Atualmente, 670 militares fazem parte do Programa Atletas de Alto Rendimento, mas apenas 76 – 11,3% – são militares de carreira
Os Estados Unidos também possuem um programa militar para esportes, o World Class Athlete Program (WCAP). No entanto, o programa, criado em 1948, segue o fluxo completamente oposto ao modelo adotado por Alemanha, Rússia e Brasil. “Em vez de recrutar atletas, ele dá a oportunidade a soldados para treinar e demonstrar que ele ou ela já atingiu um status de elite. No entanto, sua principal responsabilidade é militar”, explica o especialista britânico Mick Green em seu estudo. Ou seja, caso sejam convocados, devem parar de treinar para servir, o que não acontece com os brasileiros.
Atualmente, 670 militares fazem parte do Programa Atletas de Alto Rendimento, mas apenas 76 são militares de carreira. Os outros 594 são temporários. O período máximo de serviço para militares temporários é de oito anos, renováveis, ou não, a cada 12 meses.

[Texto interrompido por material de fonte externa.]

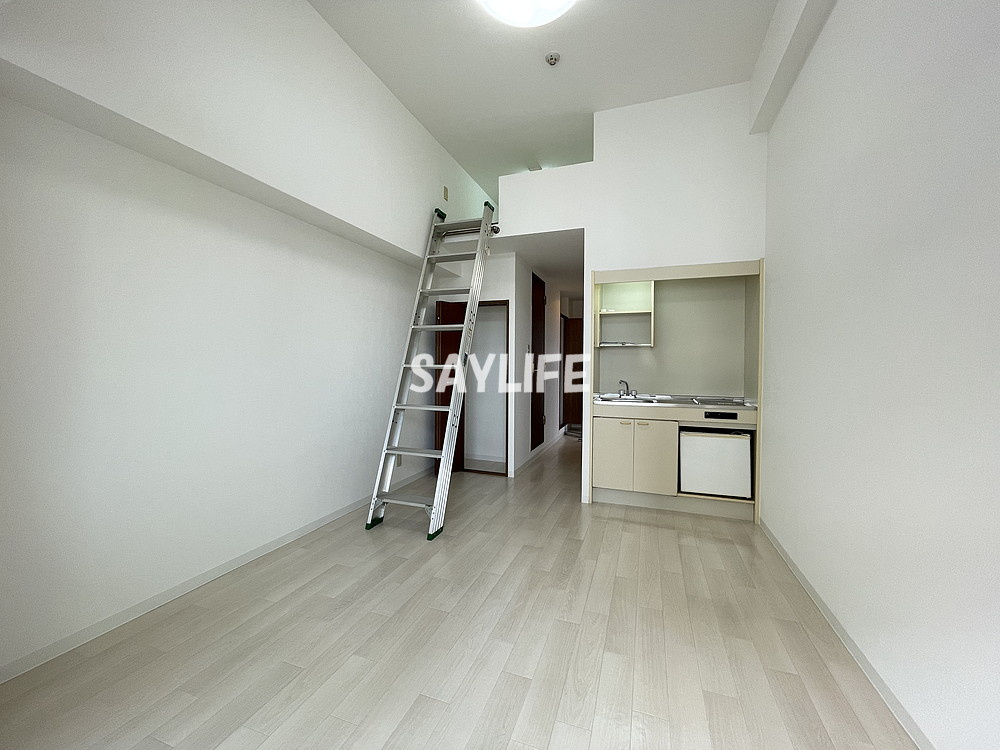 グランメール高井田の居間・リビング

Essa espécie de patente temporária foi o alvo de reclamações do técnico Marcos Goto, que orienta o ginasta Arthur Zanetti, militar há apenas um mês. “Eles não treinam lá, são apenas contratados por eles. Quem dá treino para os atletas sou eu, não os militares”, criticou o técnico após seu atleta, que é Sargento da Força Aérea, prestar continência no pódio.Os atletas são selecionados por seu desempenho em competições nacionais e internacionais, depois frequentam um Estágio de Habilitação para Praças por 45 dias. Neste treinamento, constam disciplinas sobre prestação do serviço militar, obrigações, direitos e deveres do militar, conduta sobre uniformes, postos e graduações, tiro e sobrevivência. Em paralelo, podem continuar treinando e competindo por seus clubes enquanto recebem todos os benefícios da carreira, como soldo de cerca de R$ 3 mil, 13º salário, plano de saúde, férias, direito à assistência médica, incluindo nutricionista e fisioterapeuta, além de disporem de todas as instalações esportivas militares.
O sargento da Força Aérea Zanetti, por exemplo, treina desde os sete anos na Associação de Ginástica di Thiene, criada em 1993 por uma organização de pais e professores em São Caetano do Sul (SP). Já o sargento do Exército Felipe Wu treinava em casa, em São Paulo, até o ano passado, alternando com viagens aos fins de semana Clube de Campo Santa Mônica, em Curitiba (PR). A menos de um ano dos jogos, no final de setembro, foi convidado para treinar no Clube Hebraica, em São Paulo. Ambos respondem às Comissões de Desporto de suas respectivas instituições, à distância.
Segundo o almirante Zuccaro, “a profissão deles é ser atleta, assim como a Marinha, o Exército e a Aeronáutica têm médicos, advogados e dentistas”. A diferença é que médicos, advogados e dentistas são pessoas necessárias a qualquer Força Armada, com funções diretamente ligadas ao trabalho militar, principalmente em momentos de confronto. Já um atleta de vôlei de praia, por exemplo, qual seria sua função, além de propaganda?